TASK INSTRUCTIONS -> Below this line is a listing that includes pictures. Copy exactly, and only, the lines from the one containing "Das Leben ist" through the one containing "dress:1.15), 27 <lora:ch_en_arknights:0.80>"; the pictures do not go in the copy.

SUPPLIED ENTRIES ->
------
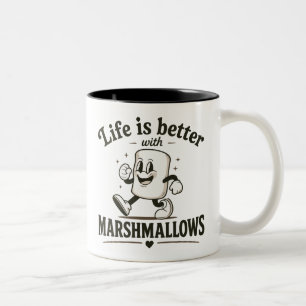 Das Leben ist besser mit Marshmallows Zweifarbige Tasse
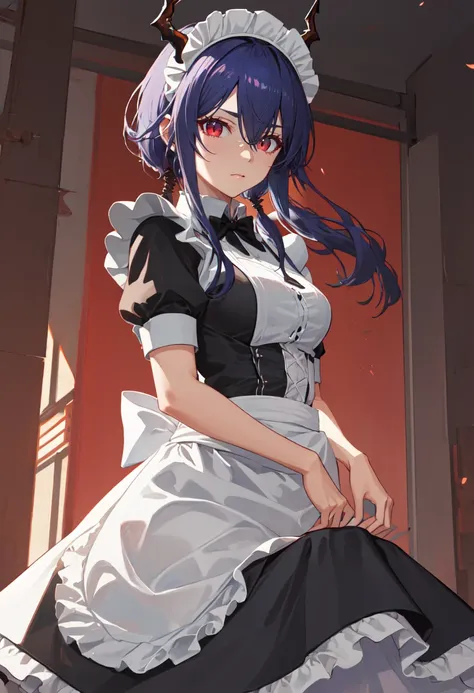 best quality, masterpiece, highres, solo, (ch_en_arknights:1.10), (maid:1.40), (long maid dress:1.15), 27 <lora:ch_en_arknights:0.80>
------
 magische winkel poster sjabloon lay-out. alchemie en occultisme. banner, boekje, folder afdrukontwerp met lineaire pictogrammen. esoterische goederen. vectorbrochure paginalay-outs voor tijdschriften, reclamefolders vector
------
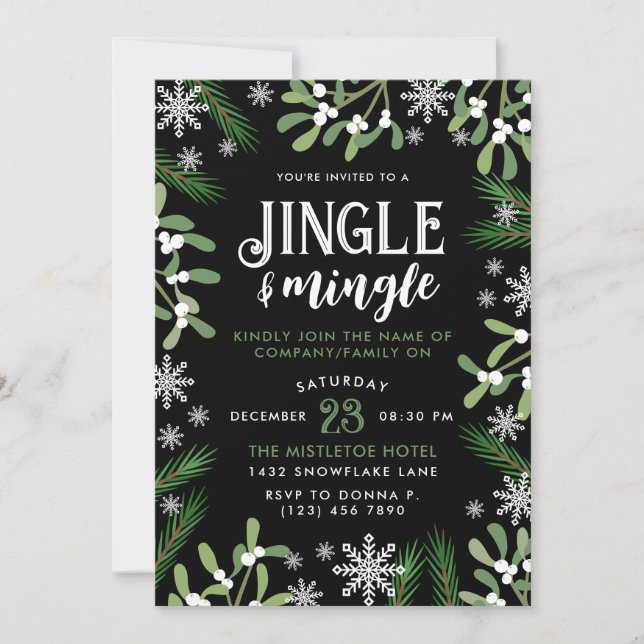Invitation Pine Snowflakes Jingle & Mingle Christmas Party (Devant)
------
WRITTEN SOLUTION ->
 Das Leben ist besser mit Marshmallows Zweifarbige Tasse
 best quality, masterpiece, highres, solo, (ch_en_arknights:1.10), (maid:1.40), (long maid dress:1.15), 27 <lora:ch_en_arknights:0.80>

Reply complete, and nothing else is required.